My beat was not haute cuisine in fancy restaurants nor the vibrant experimental establishments that began to open in the city’s fashionable downtown corners. It was neighborhood, mom and pop, ethnic, diner-style counter places. That was fine. I knew and loved the food I ate there. Yet, after several years of mandatory eating my way through the lunch and dinner menus, I often came back to the office in severe stomach distress. I found myself in the same state when my boss took me to his restaurants. Food poisoning occasionally cropped up from both establishments.
It was all okay. Part of the job. The office stocked huge bottles of whatever stomach relief we found in the nearby drugstore. Ten years on, the paper folded and I moved on to less dangerous jobs. But the ruined stomach remained and pain became part of my life, nothing to complain about once I learned what foods to avoid. Then again, how can you continuously avoid all the food you love? (Return to the first paragraph.) Isn’t this why there are so many remedies in the stomach relief aisle?
Recently, I changed my primary doctor to a jolly, very thoughtful character who brought a fresh perspective to my health. He placed his hand on my hard, cantelope-size bulge that started right under my breasts and ended a little above my pubic bones.
“What’s going on here?” he asked.
I’ve always been thin but never with a completely flat stomach. None of the women in my family had flat stomachs, especially as they age. I told him all about this.
“Yeah, right,” he laughed.
He sent me off to my gynecologist to check for ovarian cancer. When the tests were negative, he asked his partner, a gastroenterologists, to schedule an upper and lower endoscopy and run a bunch of tests. Nothing was out of the ordinary except for the colony of parasites living in my digestive track. They asked about my recent travels and I included a book research trip to a watermelon festival in rural Oklahoma. Did you know that rural parts of the Midwest are struggling with a third-world parasite? Neither did I.

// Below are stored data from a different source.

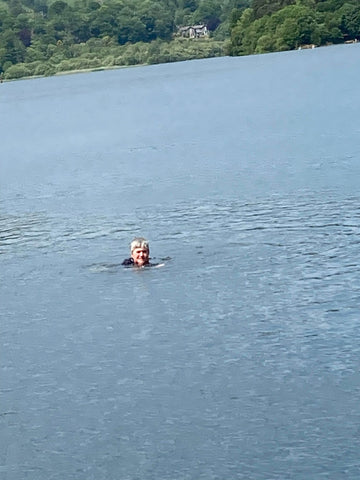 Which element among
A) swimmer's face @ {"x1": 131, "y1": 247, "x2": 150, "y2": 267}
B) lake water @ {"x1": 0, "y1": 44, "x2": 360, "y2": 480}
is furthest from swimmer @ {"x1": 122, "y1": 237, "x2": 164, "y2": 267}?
lake water @ {"x1": 0, "y1": 44, "x2": 360, "y2": 480}

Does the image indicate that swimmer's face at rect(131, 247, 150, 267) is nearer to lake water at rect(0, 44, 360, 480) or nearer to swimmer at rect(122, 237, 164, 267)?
swimmer at rect(122, 237, 164, 267)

The GI put me on antibiotics. My doctor insisted I begin to follow what he calls the “no eye-diet,” meaning cut out all animal-based foods and follow a strict vegetarian diet. Except potatoes. I could eat eye-dotted potatoes. He thought that was very funny.

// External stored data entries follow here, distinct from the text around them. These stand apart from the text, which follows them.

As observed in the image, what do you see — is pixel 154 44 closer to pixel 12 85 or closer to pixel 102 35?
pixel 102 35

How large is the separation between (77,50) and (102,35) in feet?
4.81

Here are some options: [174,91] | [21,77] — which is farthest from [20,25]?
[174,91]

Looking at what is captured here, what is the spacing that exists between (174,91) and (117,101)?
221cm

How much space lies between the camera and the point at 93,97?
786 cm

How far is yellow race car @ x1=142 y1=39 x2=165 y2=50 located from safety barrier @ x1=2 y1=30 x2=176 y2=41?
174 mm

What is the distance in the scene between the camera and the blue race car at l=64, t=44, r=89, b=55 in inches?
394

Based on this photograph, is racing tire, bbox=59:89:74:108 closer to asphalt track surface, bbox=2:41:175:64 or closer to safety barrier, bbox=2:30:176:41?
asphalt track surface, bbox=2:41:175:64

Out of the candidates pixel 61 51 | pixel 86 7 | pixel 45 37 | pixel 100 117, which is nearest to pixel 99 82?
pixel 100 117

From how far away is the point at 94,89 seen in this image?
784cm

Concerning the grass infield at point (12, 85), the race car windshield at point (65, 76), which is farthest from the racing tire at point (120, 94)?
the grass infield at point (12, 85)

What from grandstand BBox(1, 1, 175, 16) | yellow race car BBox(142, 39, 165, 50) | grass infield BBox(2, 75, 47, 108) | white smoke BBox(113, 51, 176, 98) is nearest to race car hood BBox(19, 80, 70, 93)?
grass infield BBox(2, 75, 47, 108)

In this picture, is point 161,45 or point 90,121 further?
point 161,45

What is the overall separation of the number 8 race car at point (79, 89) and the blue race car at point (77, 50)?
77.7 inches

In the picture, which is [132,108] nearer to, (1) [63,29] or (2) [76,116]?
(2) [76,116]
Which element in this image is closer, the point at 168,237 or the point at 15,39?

You may rightly assume that the no-eye diet was a non-starter for a stubborn woman who believes that life isn’t worth living without meat, dairy products, and all manner of cakes and pies.
And, thus, I continued to contend with an aching stomach. Then last month, my husband started having the symptoms I have. We thought maybe it had something to do with years of consuming large cups of very strong coffee throughout the day. Maybe coffee had worn down his insides. He reluctantly reduced his coffee intake to two small cups a day but this didn’t help much. I introduced him to the medicine cabinet’s crowded stomach relief shelf. He was horrified at the prospect that this would be his life from now on.
A complaining spouse is usually a very good reason to take up a solitary hobby. I cleaned out the basement tool room and began to teach myself how to paint with watercolors. But I felt guilty, came upstairs and began to do the kind of research I guess I should have done many years before. It’s completely astonishing how much information there is about people having my exact same symptoms, almost all of them blamed on gluten.
It seemed to be a smart idea to begin buying every gluten-free product in every market within a five mile radius of home. Except for bread, spaghetti, and Oreo cookies, they weren’t bad, either. At least four days after changing our diet, my stomach bulge began to deflate and my husband felt a bit like himself again. I downloaded a chart with one side listing good foods in green and the other side bad food in red. It was okay that some of our favorite foods came up red. (Thank God, beer and wine were green.)
But it was not at all okay that bakery goods, especially cakes and pies, sat on the red side. Cakes and pies are as central to my mental health as any of my many prescribed pharmaceuticals are! It didn’t help that the instructions I read on how to create safe batters and crusts seemed as complicated as the chemistry experiments I was forced to do in high school chemisty, a subject I flunked twice.
This is the sad, panicky state of affairs ruling this corner of the universe. Am I really fated to never have a piece of cake and pie again?
Surely somebody out there can offer comfort and guidance. Anyone? Help!!
Do a dive into non gluten bakery items. You may need to prepare yourself. As well as look at using eikhorn flour and consider sourdough as a possible option. Also look at parasitic protocols as well as ivermectin and fenbenazole. May still need to change some ways you eat up a bit but look at the options too..
So sorry Pat! This is the best gf pasta I've found: https://jovialfoods.com/gluten-free/brown-rice-pasta/
It's expensive but sometimes it goes on sale.